The best fighter in the world talks too fast, says too much, thinks he can sing and would like to play in the NBA when this crazy boxing gig is over.
The best fighter in the world loves Miami, likes the Oakland Raiders, has more money than First Union and is afraid he’ll become bored if all he does is fight.
Roy Jones Jr., isn’t the best pound-for-pound fighter in the world. Right now, he’s simply the best fighter in the world, the same way Sugar Ray Robinson was the best fighter in the world when he was in his prime.
Pound-for-pound? Forget about it. That’s excess baggage. The best fighter in the world is the one who makes you catch your breath, shake your head and speak in whispers. He’s the one who is so good, you almost wish he would lose just to convince yourself no one could be - or should be - that good.
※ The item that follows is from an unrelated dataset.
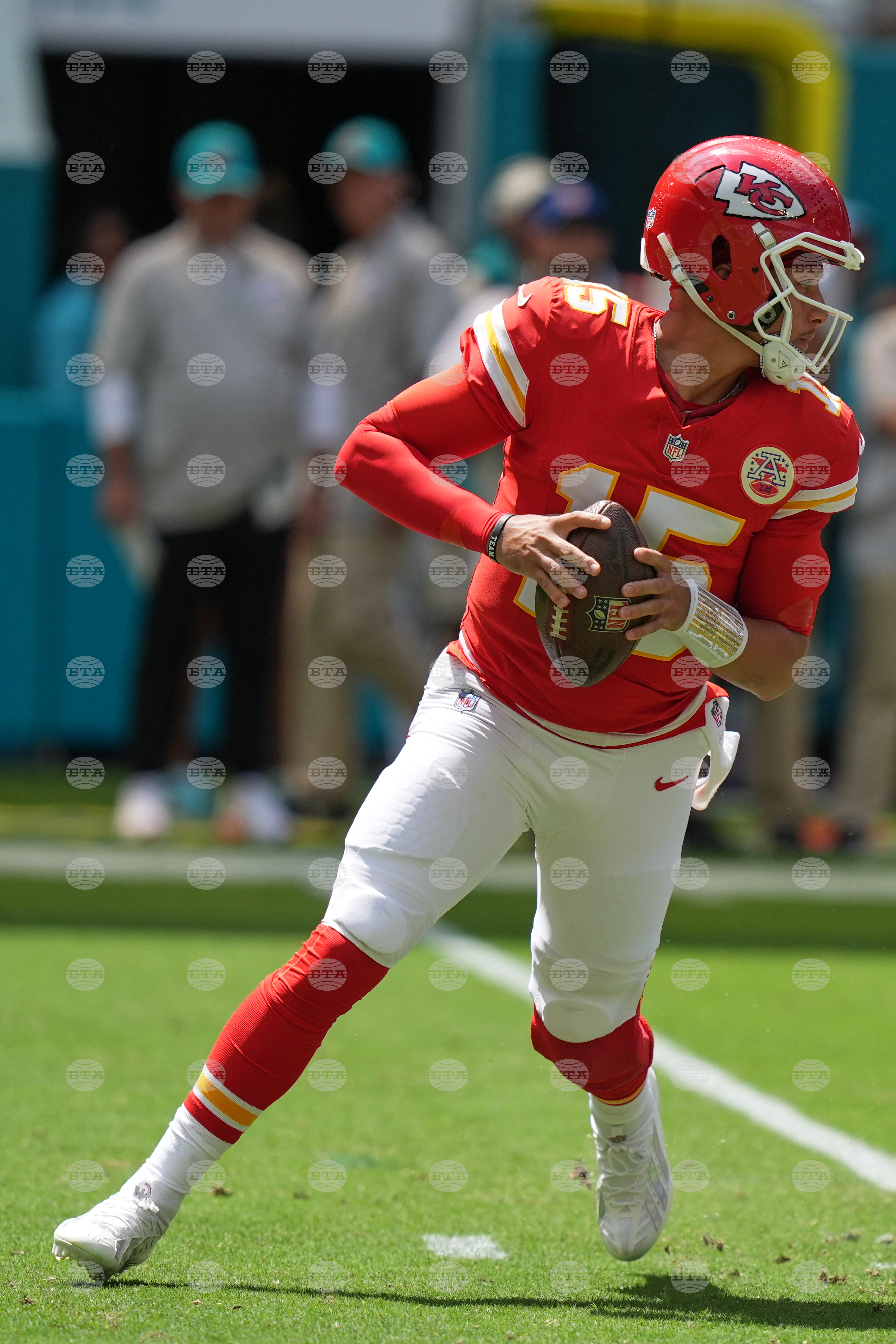 Chiefs Dolphins Football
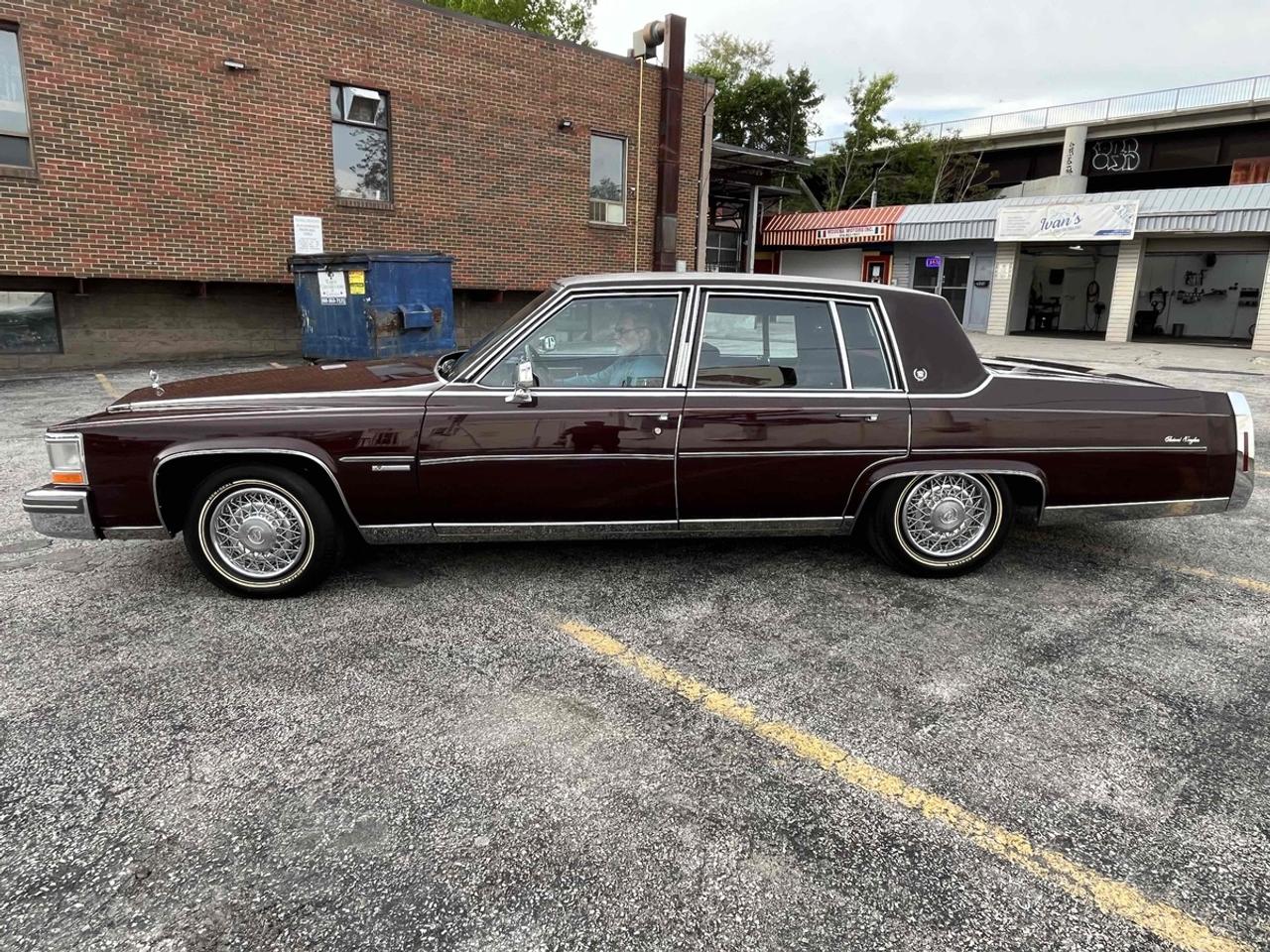 1981 Cadillac Fleetwood Brougham Fleetwood Brougham 6.4 Photo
For awhile, Felix Trinidad held the title. But Bernard Hopkins proved Tito put his pants on one wobbly leg at a time just like the rest of us. Than Sugar Shane Mosley was discovered to actually have a heart instead of a set of pistons.
Who’s the best now?
Put it this way. When the best fighter in the world takes on Australia’s Glen Kelly on Saturday night, he’ll be fighting a guy he says is big and a big puncher. At least that’s according to the rumors he’s heard. But that’s about all Jones knows or cares to know about the next guy to bite the bullet. Jones makes it sound like he won’t know what Kelly looks like until he steps into the ring with him in Miami. Then he’ll adjust as the fight goes on.
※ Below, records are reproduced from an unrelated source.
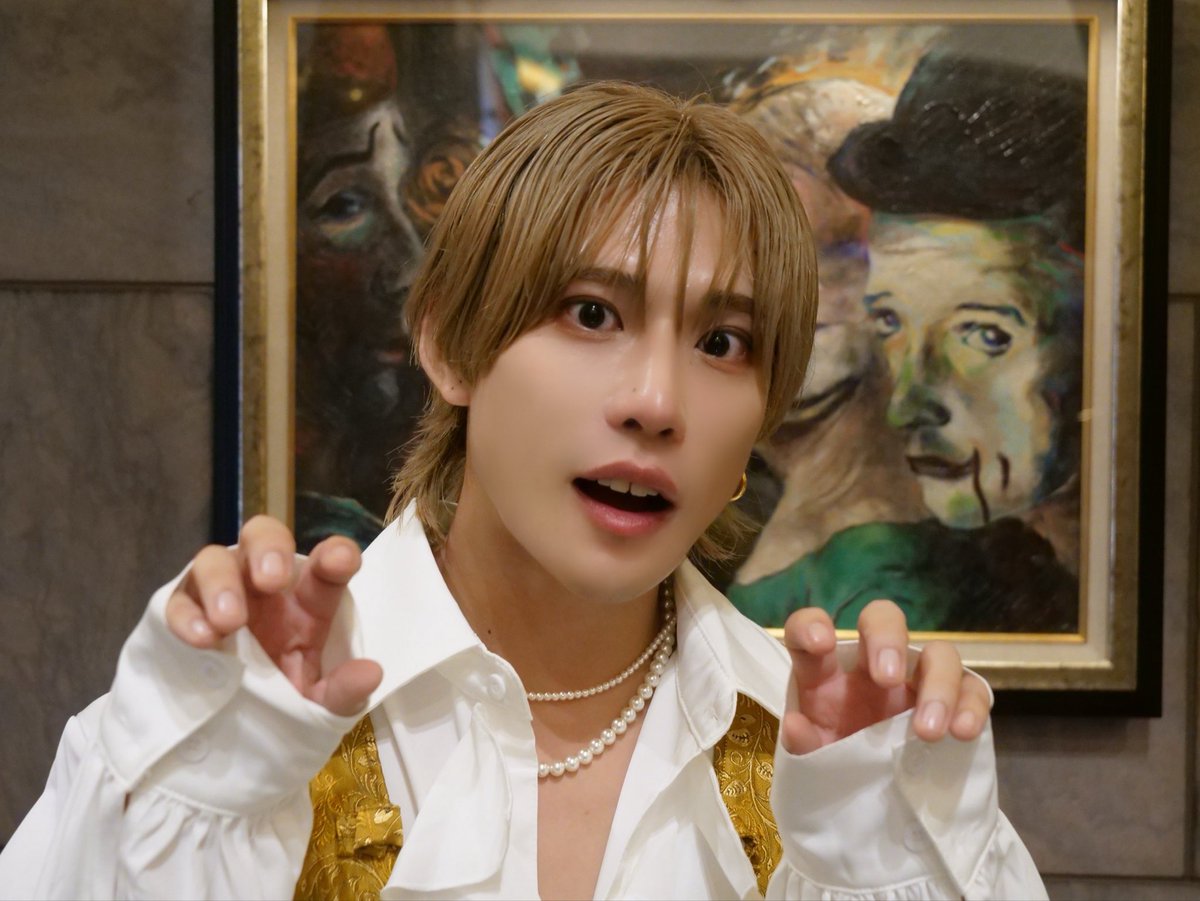 superfantasy_hr's tweet photo. 📢ブログ更新のお知らせ🆙✨📢　　

いよいよ明日で1年🍾🥂

今まで出会ってくれた
全てのPRINCESSたち、ありがとう🫶

2年目もどうぞ、よろしくね🙂‍↕️

https://t.co/nSILggFZYH

#SUPERFANTASY 
#HIIROのいろ。 Vol.90 https://t.co/ifPPxAUWjt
At least that’s what the best fighter in the world wants us to believe.
Asked during last week’s conference call how long he was going to continue fighting, the best fighter in the world dropped this one on us.
“I just want to fight until someone beats me,’’ he said. “But I don’t think that’s going to happen unless I fight to the year 2040.’’
Easy, Roy. You know that “best fighter in the world’’ title you now own more or less by attrition? Sorry pal. Don’t get too attached to it. Don’t expect a long relationship. That title has jilted more guys than a room full of prom queens.
Ask Shane or Tito how it broke their hearts.